Palemahan.com – Kota Yogyakarta tengah menghadapi darurat atau krisis sampah setelah lebih dari 2.000 ton sampah menumpuk di berbagai depo. Kepala Dinas Lingkungan Hidup (DLH) Kota Yogyakarta, Rajwan Taufiq, menegaskan perlunya langkah cepat sekaligus strategi jangka panjang untuk mengatasi persoalan ini.
Menurut Rajwan, hampir semua depo penampungan kini dalam kondisi kelebihan kapasitas. “Kami akan segera berkoordinasi dengan DLHK Provinsi DIY agar pengelolaan sampah bisa lebih terintegrasi,” ujarnya, Jumat (12/9/2025).
Ia menjelaskan, kuota pembuangan ke TPA Piyungan juga terbatas. Hingga akhir 2025, Kota Yogyakarta hanya mendapat jatah 2.400 ton sampah atau sekitar 600 ton per bulan. Padahal, produksi sampah harian di kota pelajar ini mencapai 260 ton, bahkan bisa menembus 300 ton saat libur panjang.
“Sekarang saja timbunan di depo sudah lebih dari 2.000 ton. Kalau tidak ada upaya pengurangan dari sumbernya, persoalan akan semakin berat,” jelasnya.
Rajwan menekankan peran masyarakat sangat penting, terutama dalam mengelola sampah rumah tangga. Dari total timbulan sampah, sekitar 60 persen merupakan sampah organik yang bisa diolah menjadi kompos atau pakan ternak.
“Jika sampah organik dikelola di tingkat rumah tangga, beban depo bisa berkurang signifikan,” tambahnya.

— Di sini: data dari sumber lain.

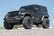 Contoured Drop Steps | 2 Door | Jeep Wrangler JL 4WD (2018-2026)
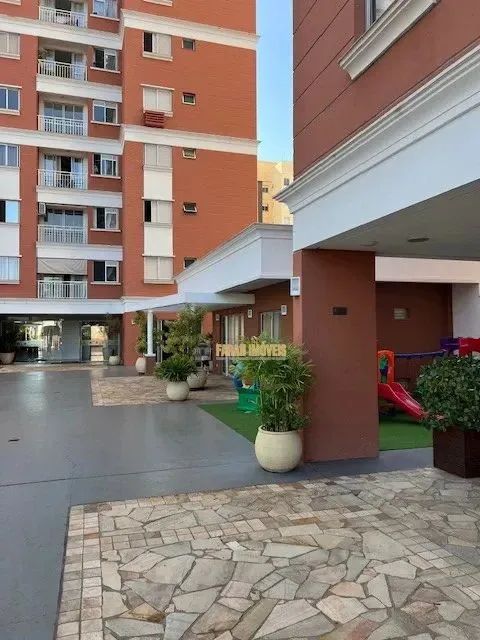 Edifício Garden Catuai - Foto 2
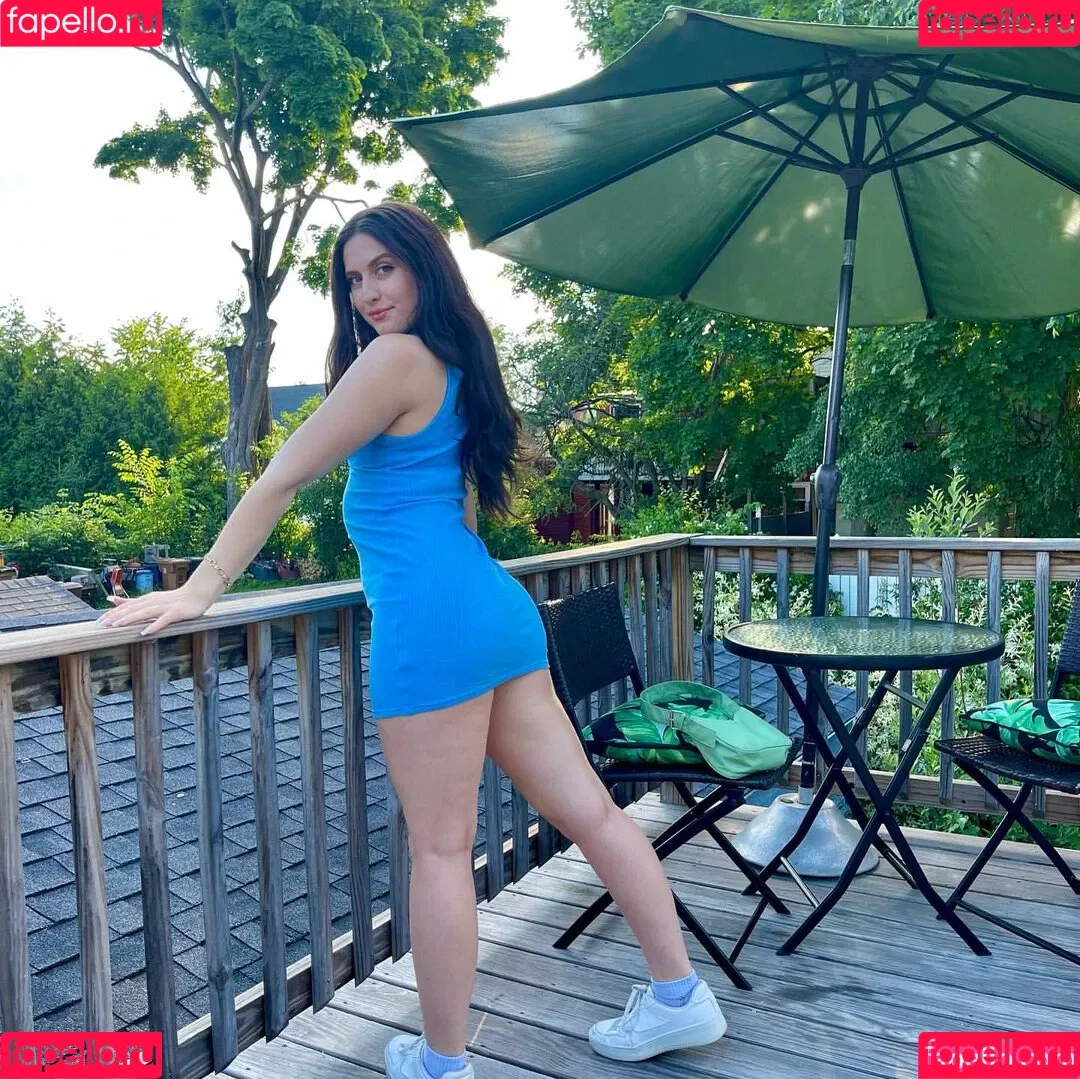 Ashley Jolly Onlyfans Photo Gallery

DLH Kota Yogyakarta kini menyiapkan strategi ganda: menekan volume sampah dari sumber sekaligus memperkuat pengelolaan jangka panjang. Rajwan menyebut kolaborasi antara Pemkot, Pemprov, dan warga menjadi kunci agar Yogyakarta tidak terus terjebak dalam siklus krisis sampah.